Makmun-Mondir dipilih
rakyat Bangkalan. Undang-Undang Dasar 1945 tak melarang anak mencalonkan
diri dalam pilkada untuk menggantikan ayahnya atau seorang adik maju
menggantikan kakaknya. Tak ada aturan hukum yang dilanggar karena rakyat
yang menjadi penentu.
Makmun tak sendirian. Tahun 2012 Ahmed
Zaki Iskandar terpilih sebagai Bupati Tangerang, Banten. Ahmed
menggantikan ayahnya, Ismet Iskandar, yang tak mungkin mencalonkan diri
lagi. Konstitusi membatasi masa jabatan kepala daerah, juga kepala
negara, dua periode.
Makmun dan Ahmed bukan orang pertama yang
terpilih oleh rakyat untuk menggantikan ayah mereka memimpin daerah.
Sebelumnya ada Ni Putu Eka Wiryastuti yang sejak 2010 menjadi Bupati
Tabanan, Bali. Ia menggantikan ayahnya, N Adi Wiryatama, yang dua
periode memimpin.
Ada juga Tubagus Iman Aryadi yang menjadi Wali
Kota Cilegon, Banten, sejak 2010. Ia menggantikan ayahnya, Tubagus Aat
Syafaat, yang tak bisa dipilih lagi.
Di Kabupaten Kutai
Kartanegara, Kalimantan Timur, ada Rita Widyasari yang menjadi bupati
sejak tahun 2010. Rita tak langsung menggantikan Syaukani HR, ayahnya,
yang terbelit kasus korupsi tahun 2006.
Istri juga tampil
Seperti
tahun sebelumnya, tak hanya anak yang tampil sebagai penerus
kepemimpinan keluarga di suatu daerah. Tahun 2010 juga memunculkan
fenomena istri terpilih sebagai kepala daerah, menggantikan suaminya
yang tak mungkin mencalonkan diri. Ada Anna Sophanah yang menjadi Bupati
Indramayu, Jawa Barat, menggantikan suaminya, Irianto MS Syafiuddin,
atau Sri Surya Widati sebagai Bupati Bantul, DI Yogyakarta, menggantikan
suaminya, Idham Samawi.
Di Jawa Timur ada Haryanti Sutrisno yang
menggantikan suaminya, Sutrisno, sebagai Bupati Kediri. Tahun ini Jawa
Timur juga memunculkan Puput Tantriana Sari yang terpilih sebagai Bupati
Probolinggo, menggantikan suaminya, Hasan Aminudin.
Di Jawa
Barat tahun ini memunculkan Atty Suharti Masturi sebagai Wali Kota
Cimahi. Ia terpilih menggantikan Itoch Tochija, suaminya.

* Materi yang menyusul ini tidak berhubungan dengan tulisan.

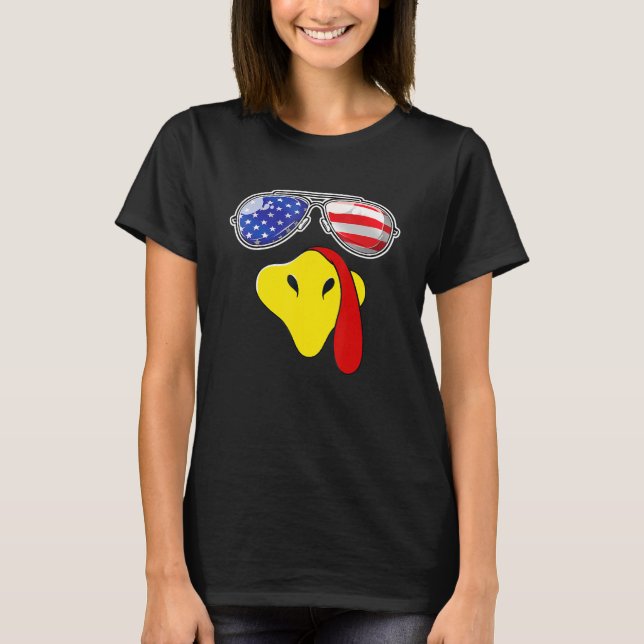 Turkey Face Thanksgiving With Us Flag Sunglasses F T-Shirt (Front)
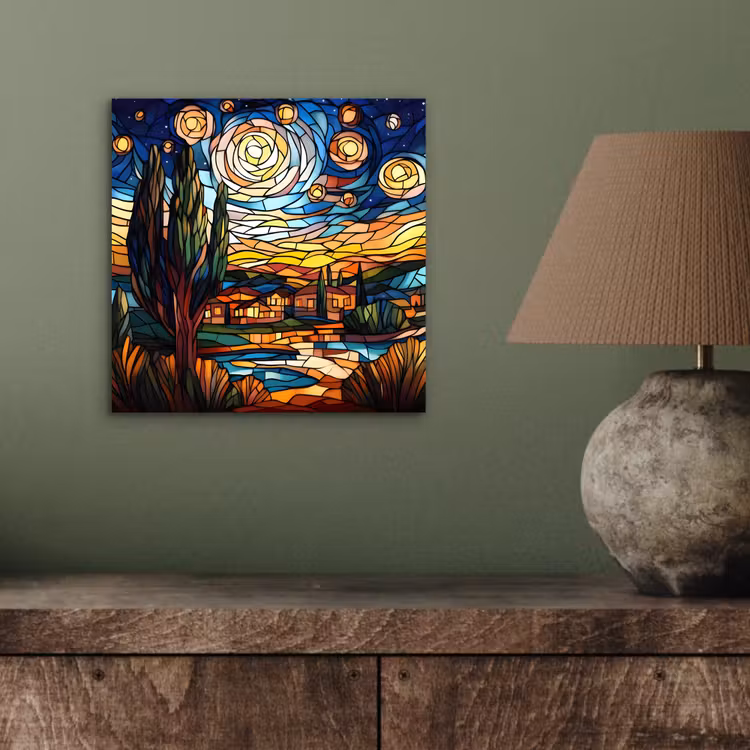 Aluminium schilderij - Hemel - Sterren - Mozaïek - Huizen — 3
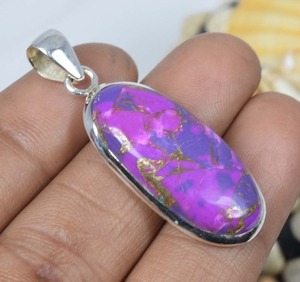 Pendentif tendance en argent sterling 925 avec pierre précieuse naturelle turquoise cuivre violet JCA002 de JESSICA CREATION, rhodié noir, fait à la main - Product Image 2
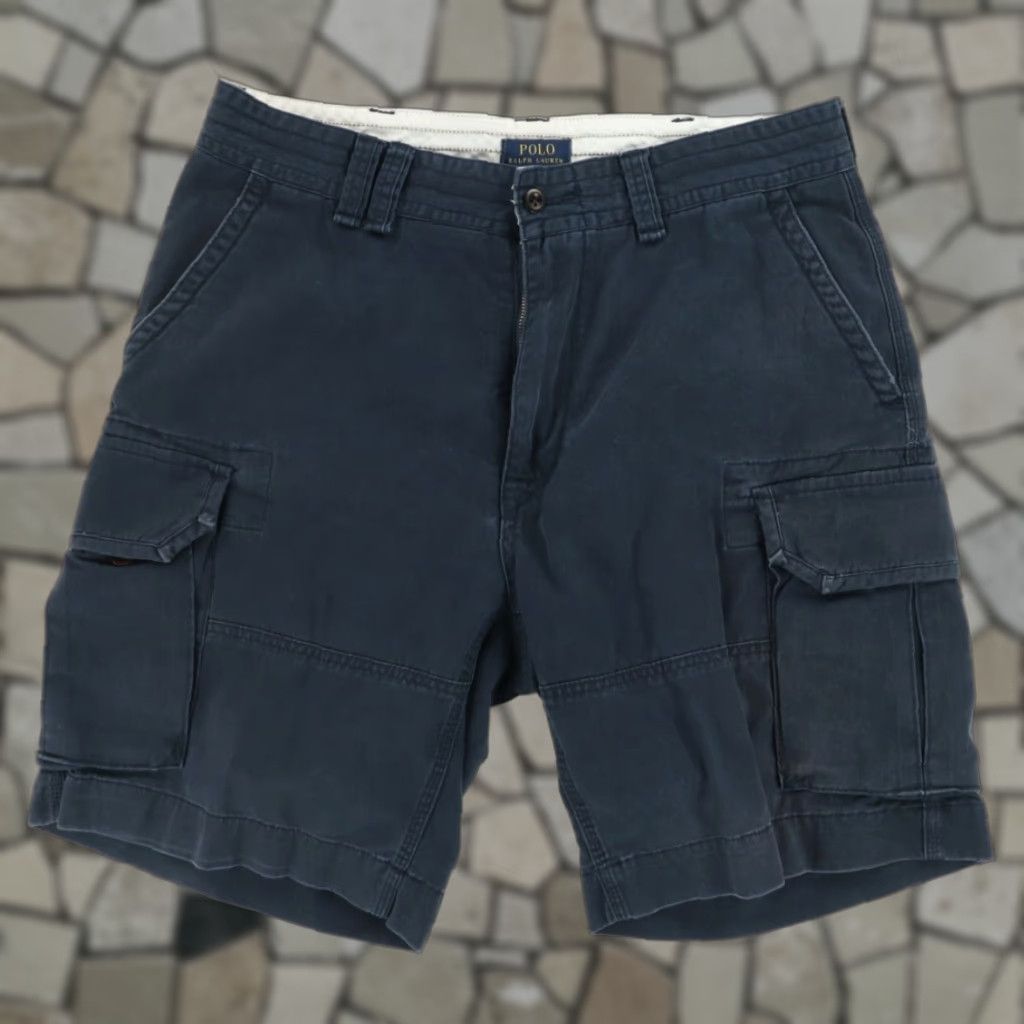 Polo Ralph Lauren Polo Ralph Lauren Cotton Canvas Cargo Shorts Navy Blue Men's 35 Size US S / EU 44-46 / 1 - 1 Thumbnail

Sejauh ini baru tingkat bupati atau wali kota yang jabatannya ”bisa” diwariskan kepada istri atau anak meski tetap dalam
pemilihan. Belum ada istri atau anak yang menggantikan suami atau
ayahnya menjadi gubernur. Tentu dalam kasus ini DI Yogyakarta harus
dikecualikan.
Selain kemunculan anak atau istri yang tampil
mengambil alih ”kursi” ayah atau suami, tak sedikit pula anak atau
istri, bahkan suami, yang seperti dimagangkan pada jabatan politis lain.
Pemilu menjadi jalan untuk keterpilihan mereka.
Desember ini,
putra Gubernur Sulawesi Utara SH Sarundajang, Ivan Sarundajang, terpilih
sebagai Wakil Bupati Minahasa. Sebelumnya, Rycko Mendoza, anak Gubernur
Lampung Sjachroedin Z Pagaralam, terpilih sebagai Bupati Lampung
Selatan. Airin Rachmi Diany, adik ipar Gubernur Banten Ratu Atut
Chosiyah, menjadi Wali Kota Tangerang Selatan.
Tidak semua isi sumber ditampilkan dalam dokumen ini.